PAチェック」に5〜10分。そのまま新曲チェックで1時間・・・なんて言う事はザラだった。


電車移動、飛行機移動でも、結局はタクシーに分乗してホテルやホールに乗り込む。

先入りしている”PAのオペレーター”は同じ顔馴染み。
1年もツアーをやっていると、お互い性格も知れたもの。


ホテルの前で車を降りると、たいがい、ロビーに「ディナー・ショー」のポスターがデカデカと置いて在る。

それを横目で見ながら、階とホール名をチェックする。
エレベーター、エスカレーターを降りると、大体、そのホテルで一番広いバンケット・ルームの入り口から、「チェック!・・・・チェック!」と聴きなれた人の声が聞こえる。

ホールの前のロビーを通り、重たい扉を開ける。
入ったと途端、「オハヨー」・・・とPAスピーカーから声がかかる。

そのまま、100位のテーブル、席の間をステージに向かい、階段を上がる。
セッティングされているアンプの前に行くと、譜面台が各人用にある。


マネージャーから譜面が回って来る。
ドラマーはセットの前に座ると、スネアのチューニングからはじめる。

私は、ギターをケースから出して、エフェクター・ケースを開き、譜面台の手前に広げる。

そして、チューニング。


だれからともなくセッションが始まる。誰かが弾き始めたフレーズに、誰からともなく絡んでいく。

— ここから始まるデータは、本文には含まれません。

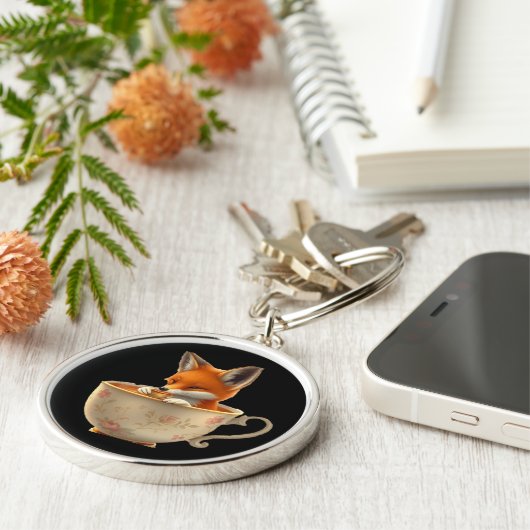 Cute Fox Drinking Tea on Groomsmen Gift Sleutelhanger (Zijkant)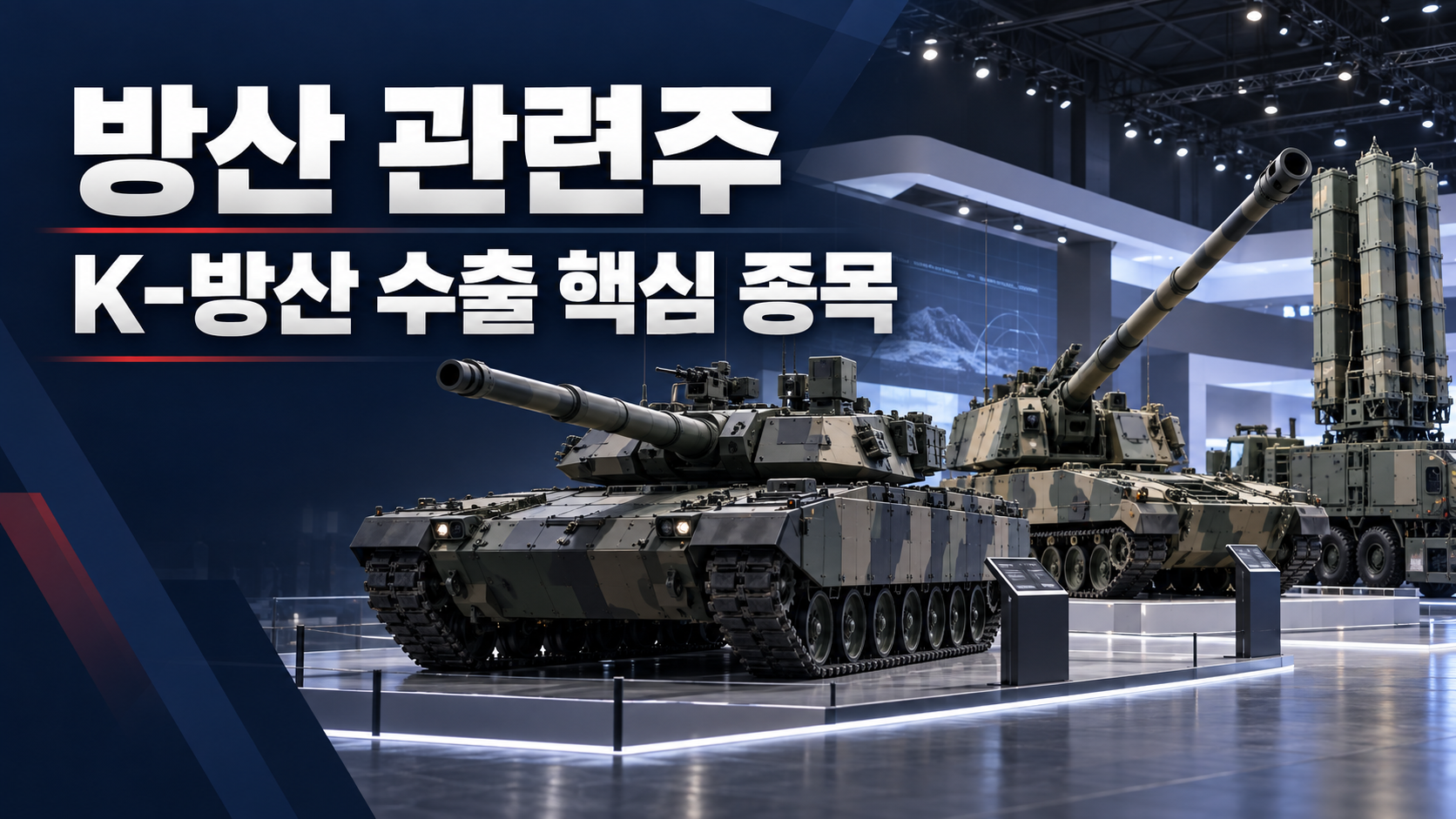 방산 관련주 K-방산 수출 핵심 종목을 소개하는 전시회 이미지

少し”遊び”のジャムがあって、「おはようございます。」改めて、オペレーターの声が、モニタースピーカーから飛び出して来る。

「誰さん、声ちょうだい・・・」という指示に従って、各々前にセットしてあるマイクに喋る・怒鳴る・漫才る・・・・という感じでチェックは進む。

それぞれのマイクと、PA卓のチャンネルが判別できたところで、「全体でください!!」・・・と来る。

そして、バンドマスターから、「○×▲!!」・・・と曲名が告げられ、ドラマーがカウントを出し、曲が始まる。


・・・というような、雰囲気。
懐かしい・・・・・・・・・・・・・・・・・・・・・。